O padre Paul Schweitzer, S.J., concordou com o professor Edgar Lyra ao dizer que as mudanças ocorrem com muita rapidez. Segundo o padre Schweitzer, a Igreja, com mais de 2 mil anos de tradição, sofre com uma adaptação lenta e difícil, principalmente pelo fato de que esses avanços abrem possibilidades que não existiam no passado.

O professor Schweitzer ressaltou que, para ele, não há um conflito entre ciência e religião. Ele citou Galileu Galilei para afirmar que Deus escreveu dois livros – a Bíblia e o da natureza – e que, sendo ambos do mesmo autor, não poderia haver conflitos.

– Quando aparentemente há um conflito entre religião e ciência, ou do lado da ciência estão tirando conclusões exageradas e não justificadas, ou do lado da religião há uma fé fundamentalista que não é inteligente. Não temos que escolher entre ciência, que é contra a religião, ou fé, que não respeita a ciência, porque as duas caminham juntas – disse.

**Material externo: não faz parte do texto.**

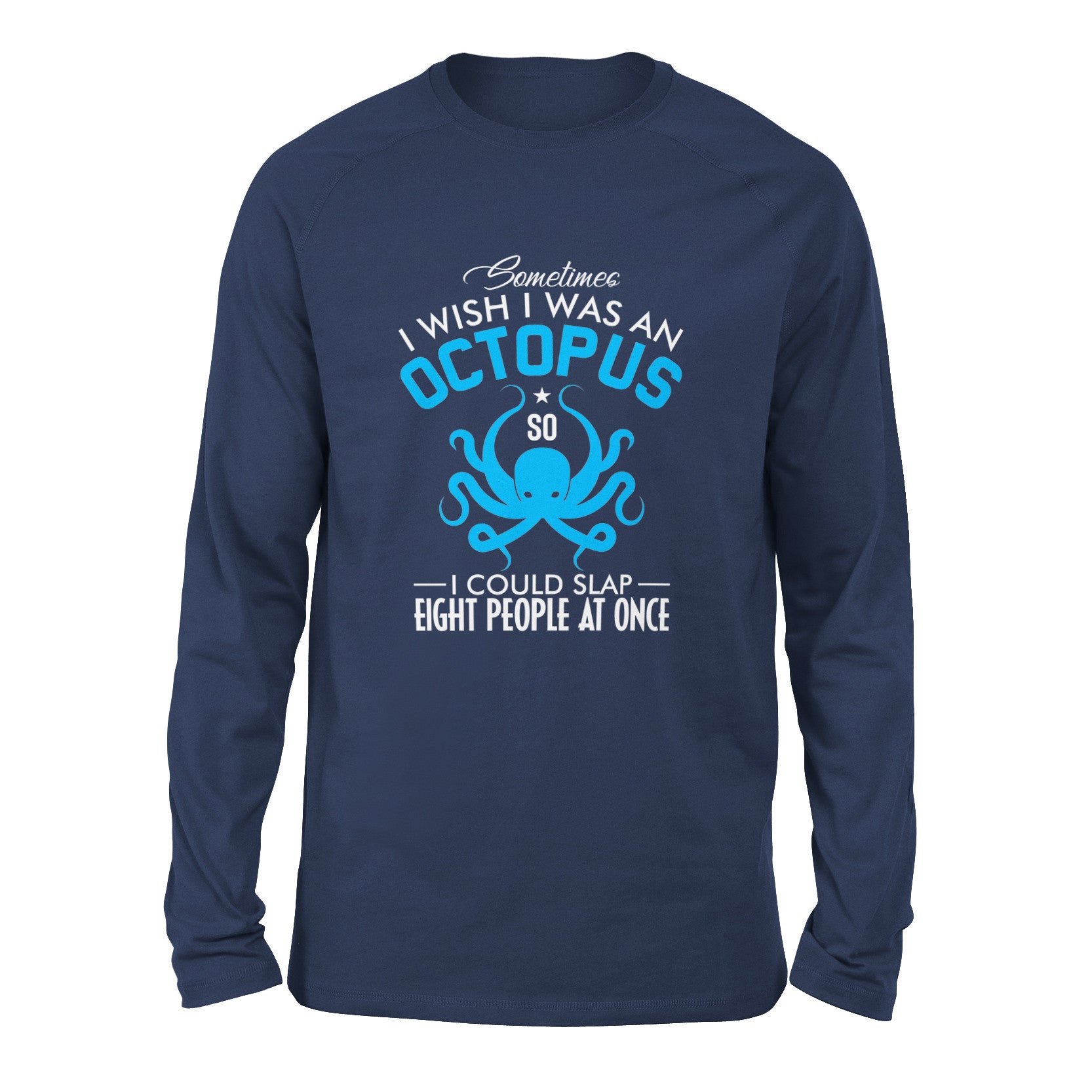 I Wish I Was An Octopus Men/Unisex Drop Shoulder Sweatshirt in Navy color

O professor Edgar Lyra chamou a atenção para a importância do debate ético, dado o caráter incógnito que muitos desses desenvolvimentos podem ter. Para ele, a pior coisa que poderia acontecer é sairmos fazendo as coisas sem controle algum. Para evitar que isso ocorra, Lyra acredita que é necessário abrir novos canais para debate, como nas universidades, através das mídias ou, ainda, da religião.

– Acho que os líderes religiosos têm um papel, por mais que na sociedade laica haja um argumento contrário, porque neles ainda existe algum resquício de autoridade e essas vozes ainda contribuem para chamar a atenção da importância do debate – ressaltou.

A professora Lygia Pereira, da USP, levantou questões éticas em relação ao homem e ao meio ambiente. Ela lembrou que para construirmos prédios e coisas mais sofisticadas, por exemplo, tivemos que desvendar as leis da física envolvidas nesses feitos, mas para “construirmos” seres vivos precisamos entender as leis que os definem.

– Aí está o desafio de Venter, os sistemas biológicos são muito complexos e ainda não conhecemos todas as leis que os regem. Assim, ele pode desenhar o genoma de uma bactéria para que ela resolva o problema, por exemplo, do petróleo derramado no oceano, mas nada nos garante que ela vá fazer isso. Ela pode, em vez disso, ter uma afinidade por alguma espécie de peixe e infectá-lo, mas só saberemos disso na prática – explica.

Craig Venter e seu grupo de cientistas pretendem, em um futuro próximo, criar células sintéticas capazes de produzir biocombustíveis e outras substâncias. O Instituto J. Craig Venter, que leva o nome do cientista, já tem contrato fechado com a Exxon Mobil, para a produção de biocombustível, e com a Novartis, para a produção de vacinas. A pesquisa com o genoma sintético custou cerca de US$ 40 milhões e seus estudiosos garantem que não há risco na produção da célula artificial, porque a enfraquecem de modo que ela só consiga se reproduzir em laboratório.